ACTION ITEM: Starting with the opening line of the material, restate every line word for word, and end on the line containing "Anschutz Mod. 1803 kal .22LR".

RECORD SET:

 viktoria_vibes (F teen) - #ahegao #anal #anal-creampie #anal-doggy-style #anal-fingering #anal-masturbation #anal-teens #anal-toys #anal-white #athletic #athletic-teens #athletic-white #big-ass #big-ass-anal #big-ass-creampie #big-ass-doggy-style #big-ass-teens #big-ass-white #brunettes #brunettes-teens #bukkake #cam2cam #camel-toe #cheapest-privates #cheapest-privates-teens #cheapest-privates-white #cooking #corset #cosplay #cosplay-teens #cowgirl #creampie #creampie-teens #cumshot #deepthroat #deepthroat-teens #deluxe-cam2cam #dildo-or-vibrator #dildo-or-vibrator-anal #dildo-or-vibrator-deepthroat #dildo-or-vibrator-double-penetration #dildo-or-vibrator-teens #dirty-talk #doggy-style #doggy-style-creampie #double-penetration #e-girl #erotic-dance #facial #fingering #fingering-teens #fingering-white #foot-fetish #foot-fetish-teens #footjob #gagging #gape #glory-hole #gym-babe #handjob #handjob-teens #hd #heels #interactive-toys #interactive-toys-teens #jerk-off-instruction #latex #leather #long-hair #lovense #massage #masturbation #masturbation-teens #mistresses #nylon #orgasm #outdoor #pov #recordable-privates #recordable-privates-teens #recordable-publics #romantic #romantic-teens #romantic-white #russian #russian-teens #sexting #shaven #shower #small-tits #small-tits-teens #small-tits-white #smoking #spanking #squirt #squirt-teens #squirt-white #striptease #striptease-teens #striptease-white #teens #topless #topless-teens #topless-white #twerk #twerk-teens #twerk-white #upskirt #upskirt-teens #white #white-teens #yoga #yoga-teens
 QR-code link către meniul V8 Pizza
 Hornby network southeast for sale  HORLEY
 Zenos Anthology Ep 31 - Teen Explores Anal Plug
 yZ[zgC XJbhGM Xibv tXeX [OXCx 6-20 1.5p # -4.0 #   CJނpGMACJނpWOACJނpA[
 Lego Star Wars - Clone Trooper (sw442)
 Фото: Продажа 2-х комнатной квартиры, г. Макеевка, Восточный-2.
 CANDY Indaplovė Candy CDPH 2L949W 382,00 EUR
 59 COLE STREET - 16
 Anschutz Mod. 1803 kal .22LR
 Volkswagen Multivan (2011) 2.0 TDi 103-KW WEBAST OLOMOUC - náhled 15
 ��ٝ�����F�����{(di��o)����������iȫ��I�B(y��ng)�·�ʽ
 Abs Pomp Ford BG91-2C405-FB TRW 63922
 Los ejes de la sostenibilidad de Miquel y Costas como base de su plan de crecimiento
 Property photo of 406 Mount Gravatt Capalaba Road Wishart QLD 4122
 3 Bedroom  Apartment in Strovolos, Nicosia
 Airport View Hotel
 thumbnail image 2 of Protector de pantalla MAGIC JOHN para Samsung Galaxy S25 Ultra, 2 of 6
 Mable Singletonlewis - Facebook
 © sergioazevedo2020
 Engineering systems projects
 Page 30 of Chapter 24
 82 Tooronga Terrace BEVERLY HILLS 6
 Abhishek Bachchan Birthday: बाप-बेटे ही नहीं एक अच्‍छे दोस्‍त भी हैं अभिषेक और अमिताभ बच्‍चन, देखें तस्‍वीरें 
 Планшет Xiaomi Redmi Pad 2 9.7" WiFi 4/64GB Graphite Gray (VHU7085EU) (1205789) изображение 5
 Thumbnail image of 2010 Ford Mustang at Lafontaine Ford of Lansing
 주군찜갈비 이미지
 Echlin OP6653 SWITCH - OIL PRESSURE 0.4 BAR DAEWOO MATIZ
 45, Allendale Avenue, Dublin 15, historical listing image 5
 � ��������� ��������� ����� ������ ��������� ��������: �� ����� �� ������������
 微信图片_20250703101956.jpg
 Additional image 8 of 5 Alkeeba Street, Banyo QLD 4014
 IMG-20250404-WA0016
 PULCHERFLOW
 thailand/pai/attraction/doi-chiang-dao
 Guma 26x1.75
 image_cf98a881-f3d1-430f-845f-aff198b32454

REPLY TO THE TASK:
 viktoria_vibes (F teen) - #ahegao #anal #anal-creampie #anal-doggy-style #anal-fingering #anal-masturbation #anal-teens #anal-toys #anal-white #athletic #athletic-teens #athletic-white #big-ass #big-ass-anal #big-ass-creampie #big-ass-doggy-style #big-ass-teens #big-ass-white #brunettes #brunettes-teens #bukkake #cam2cam #camel-toe #cheapest-privates #cheapest-privates-teens #cheapest-privates-white #cooking #corset #cosplay #cosplay-teens #cowgirl #creampie #creampie-teens #cumshot #deepthroat #deepthroat-teens #deluxe-cam2cam #dildo-or-vibrator #dildo-or-vibrator-anal #dildo-or-vibrator-deepthroat #dildo-or-vibrator-double-penetration #dildo-or-vibrator-teens #dirty-talk #doggy-style #doggy-style-creampie #double-penetration #e-girl #erotic-dance #facial #fingering #fingering-teens #fingering-white #foot-fetish #foot-fetish-teens #footjob #gagging #gape #glory-hole #gym-babe #handjob #handjob-teens #hd #heels #interactive-toys #interactive-toys-teens #jerk-off-instruction #latex #leather #long-hair #lovense #massage #masturbation #masturbation-teens #mistresses #nylon #orgasm #outdoor #pov #recordable-privates #recordable-privates-teens #recordable-publics #romantic #romantic-teens #romantic-white #russian #russian-teens #sexting #shaven #shower #small-tits #small-tits-teens #small-tits-white #smoking #spanking #squirt #squirt-teens #squirt-white #striptease #striptease-teens #striptease-white #teens #topless #topless-teens #topless-white #twerk #twerk-teens #twerk-white #upskirt #upskirt-teens #white #white-teens #yoga #yoga-teens
 QR-code link către meniul V8 Pizza
 Hornby network southeast for sale  HORLEY
 Zenos Anthology Ep 31 - Teen Explores Anal Plug
 yZ[zgC XJbhGM Xibv tXeX [OXCx 6-20 1.5p # -4.0 #   CJނpGMACJނpWOACJނpA[
 Lego Star Wars - Clone Trooper (sw442)
 Фото: Продажа 2-х комнатной квартиры, г. Макеевка, Восточный-2.
 CANDY Indaplovė Candy CDPH 2L949W 382,00 EUR
 59 COLE STREET - 16
 Anschutz Mod. 1803 kal .22LR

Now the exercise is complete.